Variable Documentation

◆ button_press

bool ledpwm.button_press = False

Boolean variable to define if the button is pressed.

When the button has been pressed, the callback function is implemented to change button_press to True. This variable therefore defines when to switch states.

◆ ButtonInt

ledpwm.ButtonInt
Initial value:
1 = pyb.ExtInt(pinC13, mode=pyb.ExtInt.IRQ_FALLING, # define interrupt
2  pull=pyb.Pin.PULL_NONE, callback=onButtonPressFCN)

Callback interrupt variable.

When the blue button is pressed, it triggers the callback variable, running the callback function onButtonPressFCN.

◆ pinA5

ledpwm.pinA5 = pyb.Pin (pyb.Pin.cpu.A5)

Pin variable for LED.

Similar to pinC13, but for the output LED.

◆ pinC13

ledpwm.pinC13 = pyb.Pin (pyb.Pin.cpu.C13)

Pin variable for blue user button.

The blue button on the board serves as the main user input interface, and therefore needs a pin assignment.

◆ state

int ledpwm.state = 0

Boolean variable to define if the button is pressed.

When the button has been pressed, the callback function is implemented to change button_press to True.

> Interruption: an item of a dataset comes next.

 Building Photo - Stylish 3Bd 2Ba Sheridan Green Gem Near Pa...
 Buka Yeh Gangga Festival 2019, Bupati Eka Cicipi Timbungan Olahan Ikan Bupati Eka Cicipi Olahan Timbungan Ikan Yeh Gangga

This variable therefore defines when to switch states.

◆ t0

ledpwm.t0 = utime.ticks_ms()

Starts timer zero point.

To later calculate time elapsed since a state has been entered, a timer needs to start running.

◆ td

float ledpwm.td = 0.001*utime.ticks_diff(utime.ticks_ms(),t0)

Time elapsed since last button press.

Since each pattern function is based on time, td is passed through to the correct function, and is used to calculate what brightness level the LED should be set to.

◆ tim2

ledpwm.tim2 = pyb.Timer(2, freq = 20000)

Pin variable for pyb timer.

To use pulse width modulation of the LED, we need a timer.